● **TASK DETAILS**
Your answer must be the exact lines from the one holding "कोशी ब्यारेजका ५४ मध्ये ४६ ढोका खोलियो" through the last line of the records below, with no pictures.
[Opening TASK MATERIAL section]
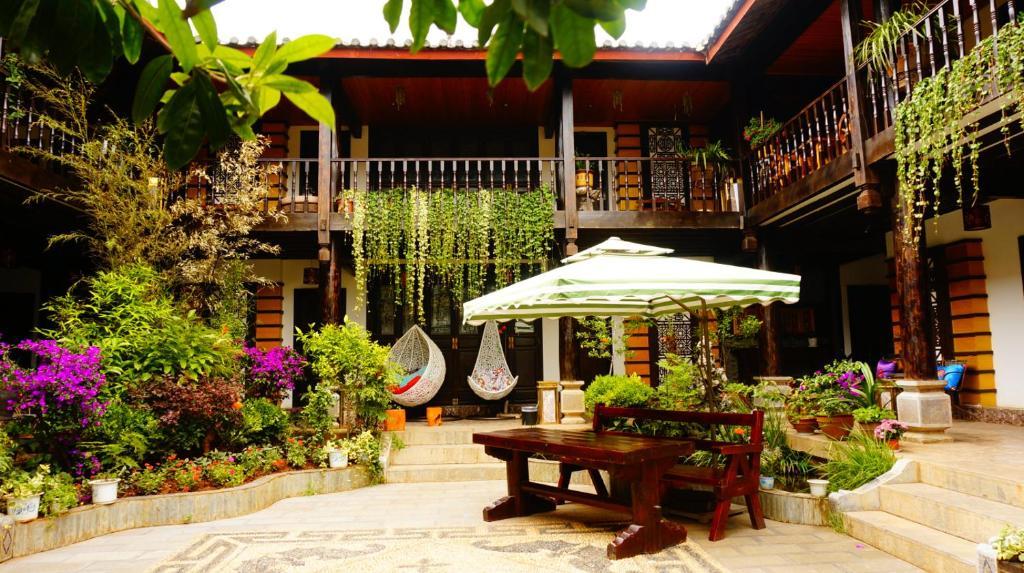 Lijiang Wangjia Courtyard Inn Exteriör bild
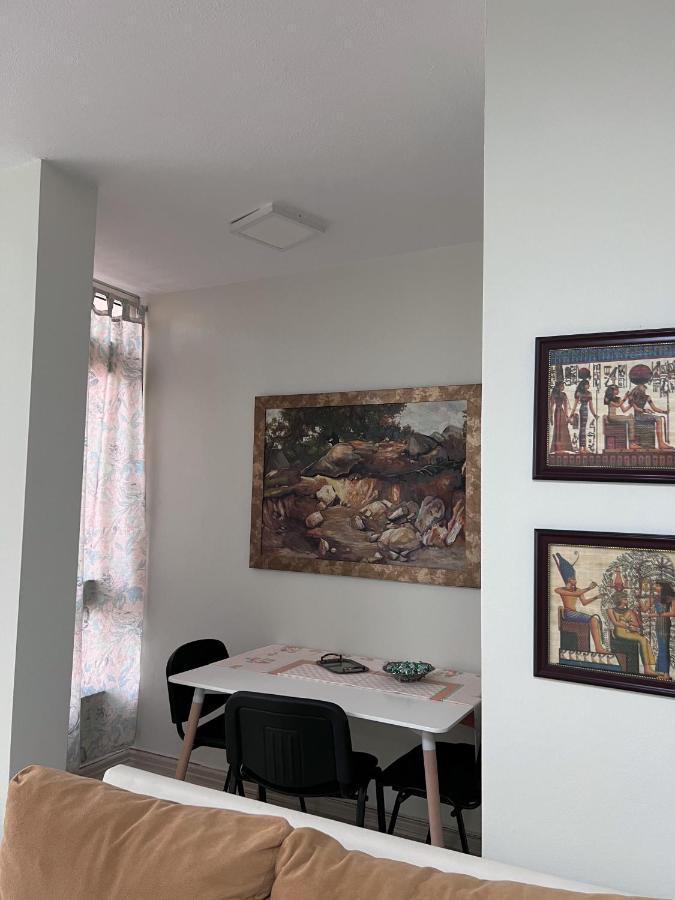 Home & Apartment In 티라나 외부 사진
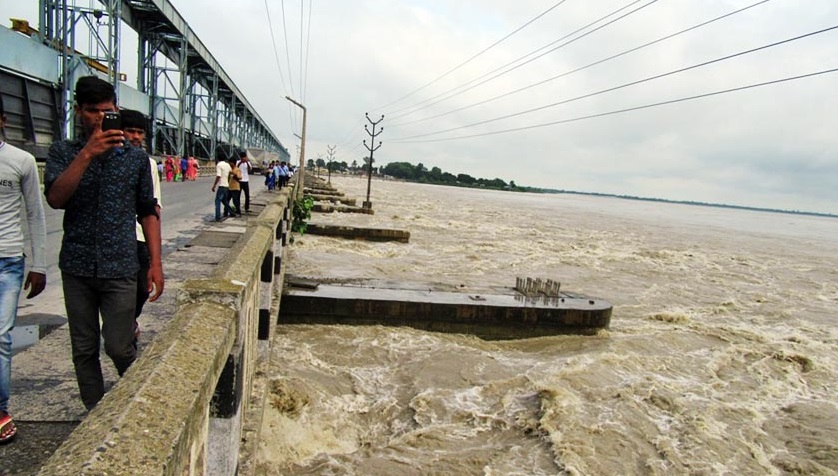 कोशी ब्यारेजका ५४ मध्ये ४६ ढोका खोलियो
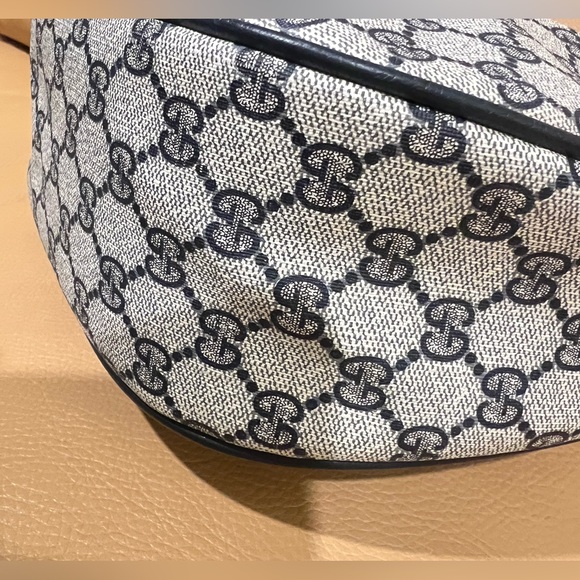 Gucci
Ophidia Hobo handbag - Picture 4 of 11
[Closing TASK MATERIAL section]
● **EXPECTED OUTPUT**
 कोशी ब्यारेजका ५४ मध्ये ४६ ढोका खोलियो
 Gucci
Ophidia Hobo handbag - Picture 4 of 11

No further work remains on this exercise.